Cox discusses wife's battle with cancer

FLOWERY BRANCH, Ga. -- Bryan Cox, who barked a lot during his NFL playing days, still has an gruff presence about him, particularly during his profanity-laced tirades.

Yet the Atlanta Falcons' new defensive line coach would be the first to admit he has encountered something more intimidating than the person he sees in the mirror every morning.


Cox's wife, Kim, underwent a double mastectomy last year. Her condition was serious enough that the couple, whose youngest daughter is 5, constructed a will.

"We got everything prepared, because we didn't know," Cox said Friday after a Falcons walkthrough. "That's what was so scary to me. It was like, 'You mean to tell me my wife could die? I could be by myself with a 5-year-old?'

"But women are the strongest creatures on this earth, especially a black woman. Ain't nothing like a black woman."

Kim Cox went to the doctor last November for a checkup and received the diagnosis.

"It was the scariest moment of my life," Bryan Cox said. "When your wife comes home and tells you, 'I have to go back to the doctor [because] they found something,' and then she calls you at work and says, 'Meet me in the parking lot, I need to see you,' and then all of sudden she breaks down because she wants to see your face and share the experience because she's scared and you're scared ...

"Then all of sudden, they say, 'OK, you do have it in your breast, and you have it in your other breast as well, so we need to remove your breasts.' It's a scary thing for a father of a 5-year-old and a mother of a 5-year-old to be in a position where you could be without one of the parents. You could be lost."

Kim underwent her surgeries in the Tampa area while Cox was coaching for the Buccaneers last season. Cox praised former Bucs coach Greg Schiano for allowing him time off to spend with his wife during and after the surgery.
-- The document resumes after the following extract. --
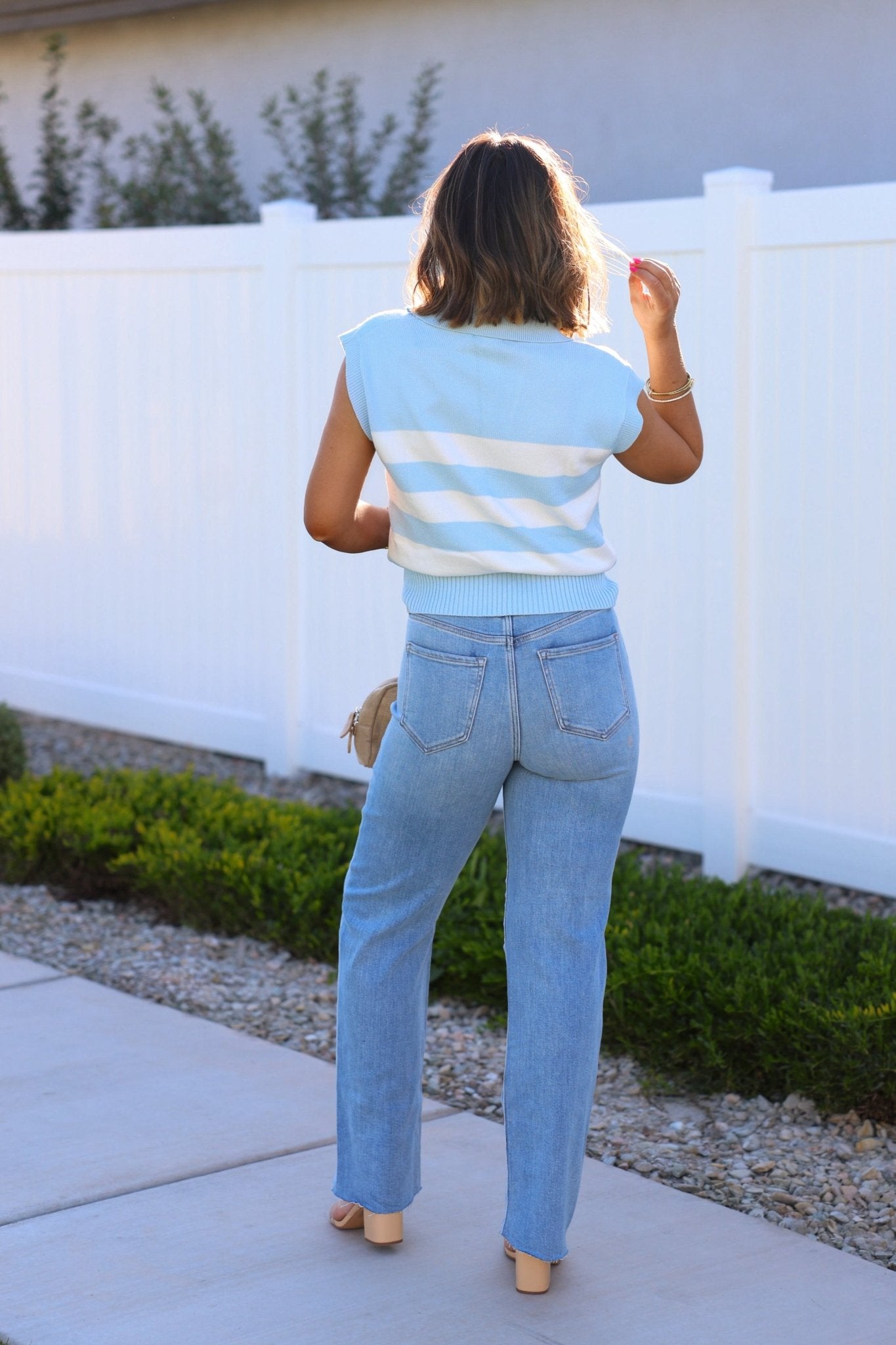 A woman in Light Wash Super High Rise Dad Jeans stands on a sidewalk near a white fence and green bushes.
"My wife has a good spiritual foundation," Cox said. "She said, 'I don't want any negative things in the house. We're going to do positive [things]. The doctors have spoken, but God hasn't. So we're going to wait to see what He has to say on it.'

"We went into December and she had the surgery and everything went well. It was like a 14-hour surgery. She was down for a few weeks. But the love that our family showed ... when she went for the surgery, we had 14 people in the lobby. And we all stayed there all day."
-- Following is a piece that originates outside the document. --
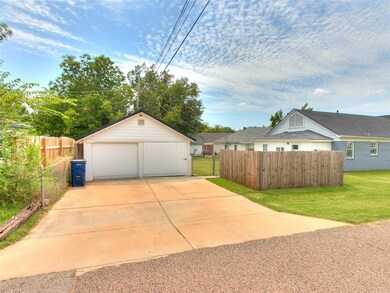 Garage featuring a lawn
Kim is currently cancer-free, Cox says, although she is scheduled to undergo another procedure in late October.

"Now, we hear she's clean. She didn't have to go through any chemo. She's fine now. And through our walk, we met so many people who are not fine, where their story turned out to be much different than ours," Cox said. "It humbled me. I'm not scared of much, but I was definitely afraid of that."